Image-caption web data:
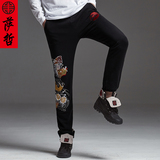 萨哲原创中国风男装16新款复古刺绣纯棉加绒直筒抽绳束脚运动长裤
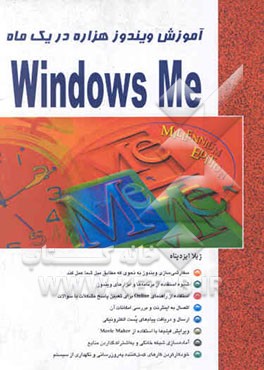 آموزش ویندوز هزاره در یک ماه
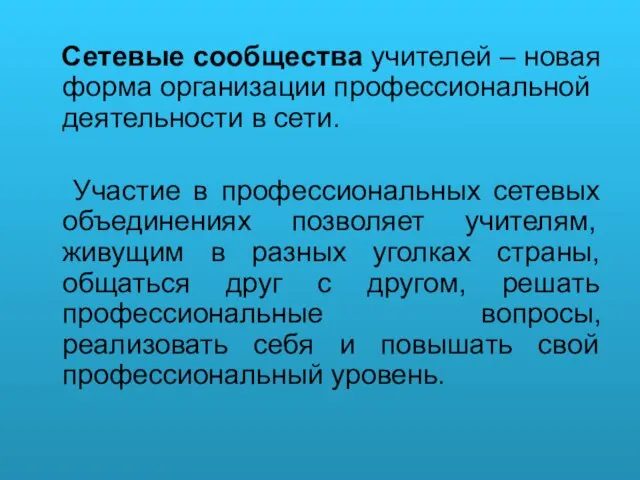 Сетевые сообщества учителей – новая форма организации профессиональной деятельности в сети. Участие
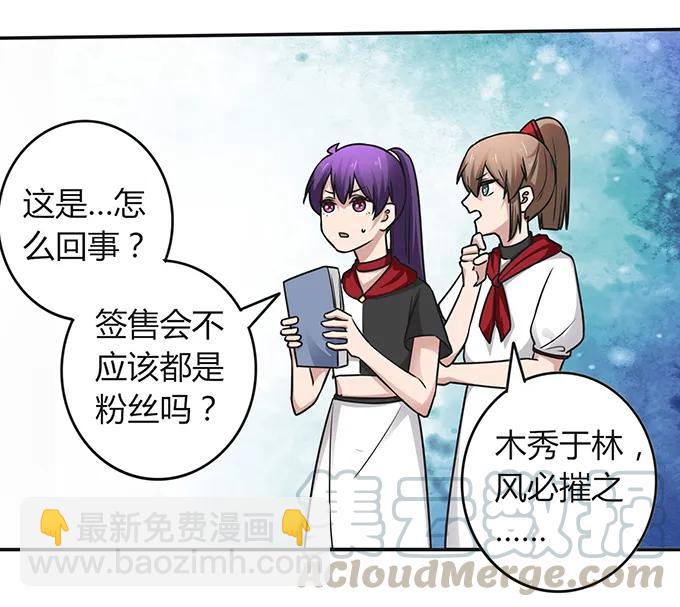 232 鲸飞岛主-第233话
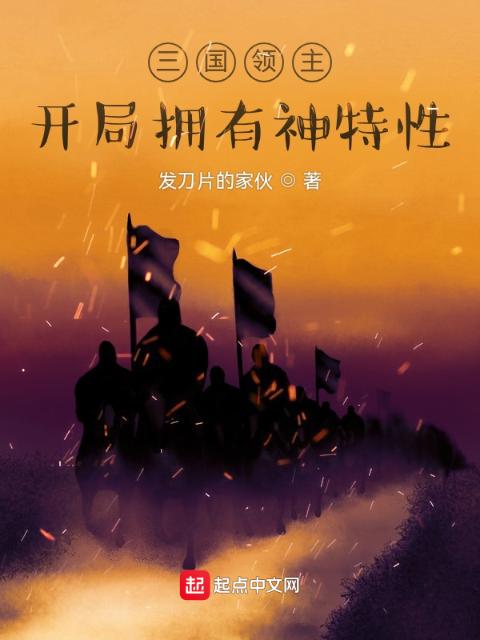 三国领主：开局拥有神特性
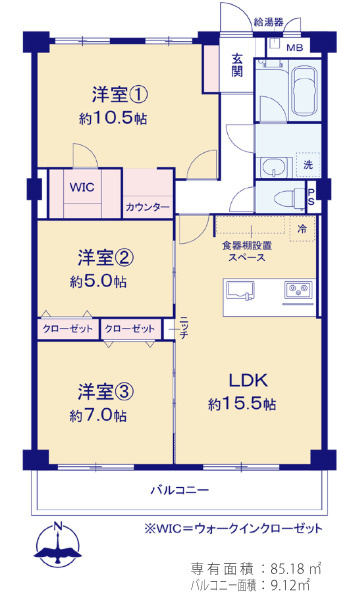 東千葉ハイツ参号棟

ASSIGNMENT: Print every entry verbatim and leave all pictures out.

SOLUTION TO THIS EXERCISE:
 萨哲原创中国风男装16新款复古刺绣纯棉加绒直筒抽绳束脚运动长裤
 آموزش ویندوز هزاره در یک ماه
 Сетевые сообщества учителей – новая форма организации профессиональной деятельности в сети. Участие
 232 鲸飞岛主-第233话
 三国领主：开局拥有神特性
 東千葉ハイツ参号棟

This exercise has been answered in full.